(Stored items from a collection)
--- START ---

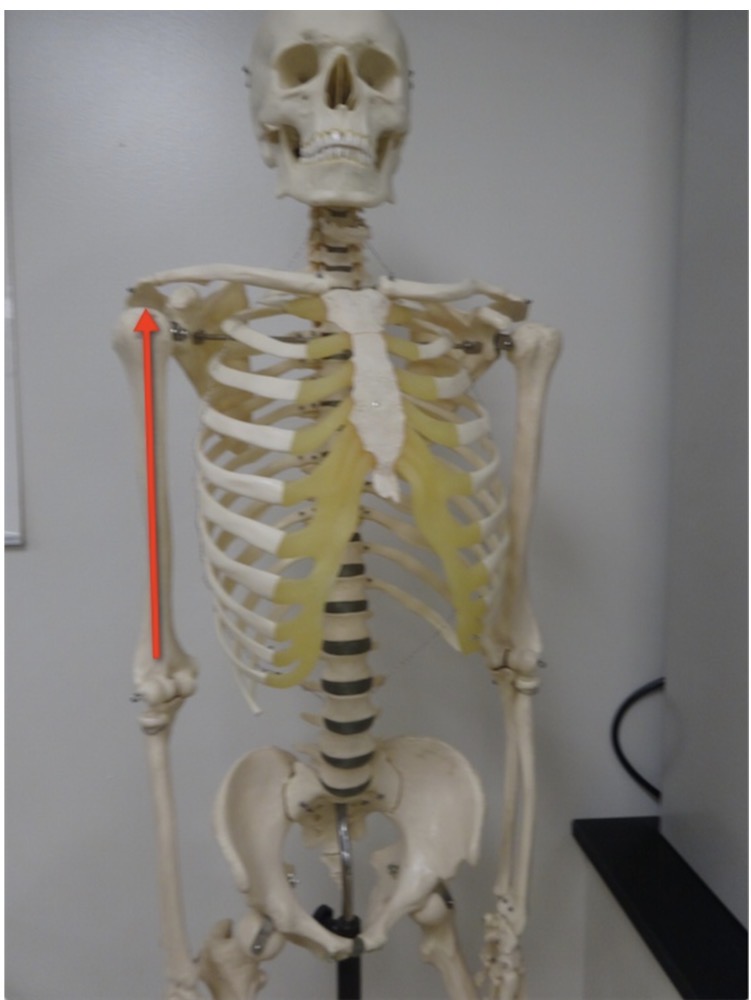 <p>Name the directional term (closer to where limb attatches to the body trunk)</p>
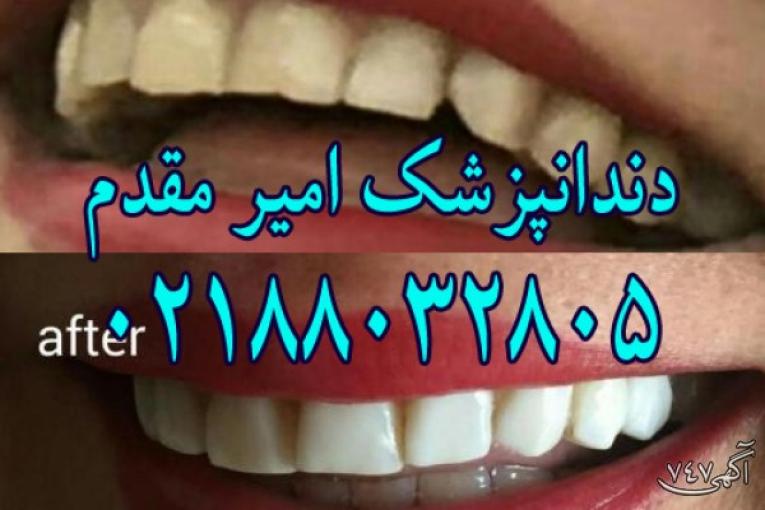 دندانپزشک ملاصدرا دکتر امیر مقدم  لامینیت،ایمپلنت،اصلاح طرح دندان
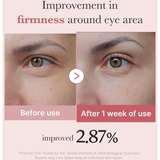  Kem Dưỡng Mắt Chuyên Sâu Medicube PDRN Pink Peptide Eye Cream 30ml 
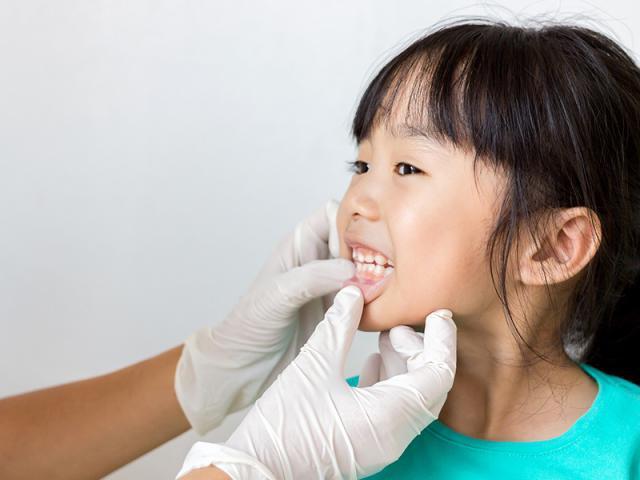 6 sai lầm cha mẹ dễ mắc phải khi chăm sóc răng miệng cho con-4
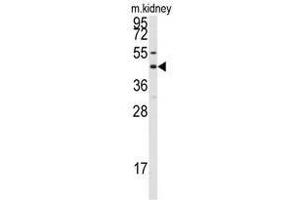 Image no. 1 for anti-Gap Junction Protein, alpha 8, 50kDa (GJA8) (C-Term) antibody (ABIN357099)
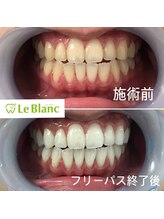 ルブラン 奈良店(Le Blanc)/ビフォーアフター！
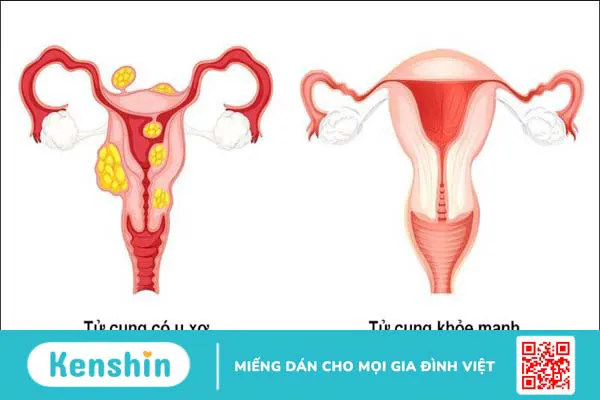 Biến chứng sau khi mổ u xơ tử cung là gì? 9 biến chứng có thể gặp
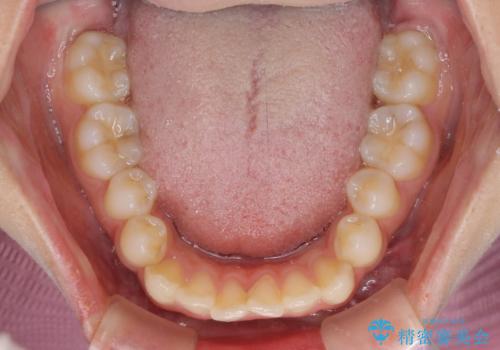 抜けてしまうと言われた前歯 インビザラインによる矯正治療の治療前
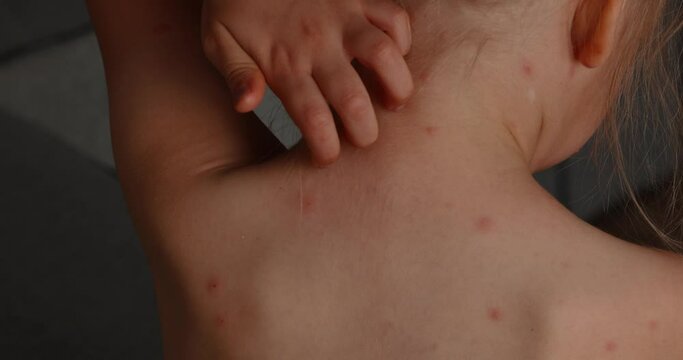 Girl itches, skin rashes. Five-year-old girl with chickenpox, measles, Monkeypox virus.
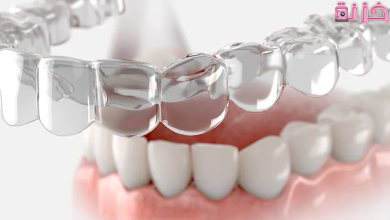 سعر تقويم Invisalign فى السعودية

--- END ---

Exercise: Output nothing except the lines from the one containing "Image no. 1" through the final line of the entries, repeated exactly and free of pictures.

Result:
 Image no. 1 for anti-Gap Junction Protein, alpha 8, 50kDa (GJA8) (C-Term) antibody (ABIN357099)
 ルブラン 奈良店(Le Blanc)/ビフォーアフター！
 Biến chứng sau khi mổ u xơ tử cung là gì? 9 biến chứng có thể gặp
 抜けてしまうと言われた前歯 インビザラインによる矯正治療の治療前
 Girl itches, skin rashes. Five-year-old girl with chickenpox, measles, Monkeypox virus.
 سعر تقويم Invisalign فى السعودية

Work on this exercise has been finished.